DELHI GYMKHANA: A FAREWELL TO CHARM

by Sohaila Kapur June 10 2026, 12:00 am Estimated Reading Time: 6 mins, 30 secs

Writer, Director, Actor Sohaila Kapur reflects on childhood memories, family legacy, and the uncertain future of Delhi Gymkhana Club, weaving together personal nostalgia, social history, and the pain of multiple farewells in a changing India.

It’s the time for goodbyes. To an ancestral home, one’s birth city, one’s close friends, and one’s favourite institution. Goodbyes always happen, but never in such a cascade. One feels the burden of these farewells. It’s time to look back and remember with gratitude.

In the past few years, I have lost many classmates. Am shifting out of our ancestral home, built brick by brick by my hardworking, penny-saving parents, who were refugees from Pakistan as young adults. I may have to shift to another city, abandoning the city of my birth, one that made me what I am today. And now, a nostalgia-ridden, sorrowful farewell to the institution that contributed a large part of the happy times I have experienced here.

Growing Up at Delhi Gymkhana Club

The Delhi Gymkhana Club is where I grew up. It was the first sign of success, the feeling of having arrived in life, when my paediatrician father got his membership. He was one of the early ones, his number being 193. But it was already a sought-after club with its elegant buildings and significant history.

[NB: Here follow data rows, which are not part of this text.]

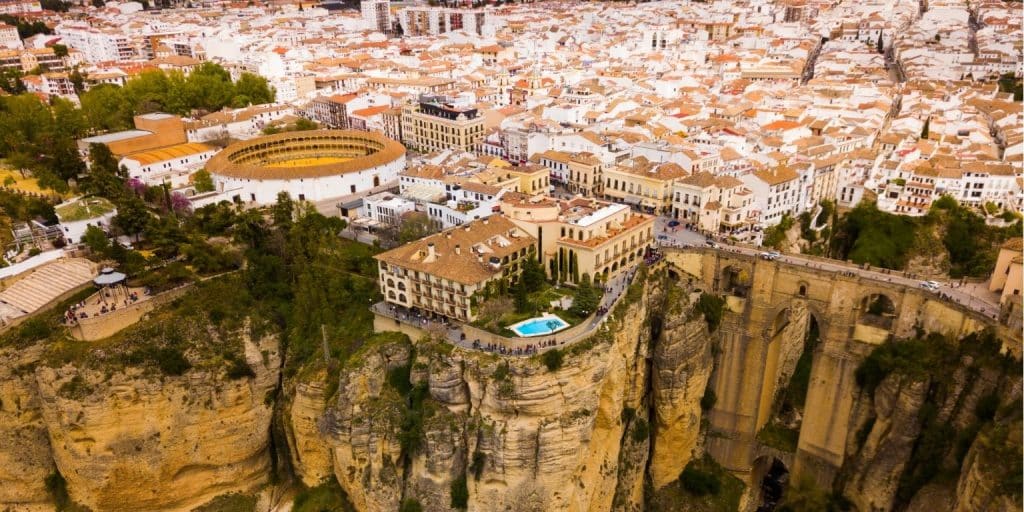 Granada erleben: Die besten Sehenswürdigkeiten, Essen und Tagesausflüge 2 eine Stadt mit einem Pool auf einer Klippe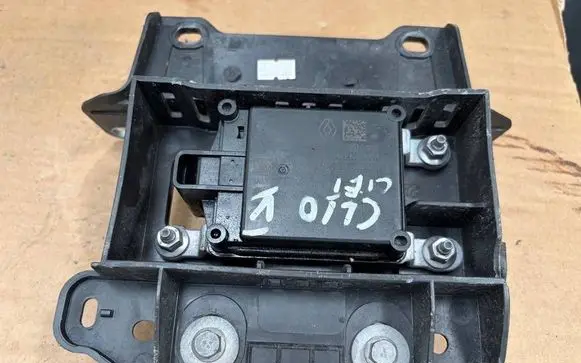 Renault Clio V Distronic sensor radar 284478542R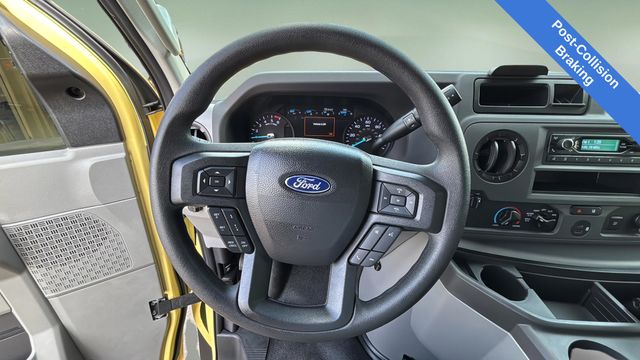 Used 2022 Yellow Ford Base image 15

I visited it yesterday. It was a Thursday. A night before the initial government deadline of June 5, to vacate the place before its take-over. The club was choc-a-block with members across generations. One couldn’t find a seat. People were approaching those they didn’t know, smiling, willing to mix. Very unusual for the members, who generally preferred their own groups. One could see it was a kind of farewell and also the resolve to fight it out, though no one expressed it. People just stayed close to one another, chatting, trading jokes, dancing, well aware that these nights may be limited. A palpable sadness that was clothed by an expression of gay abandon.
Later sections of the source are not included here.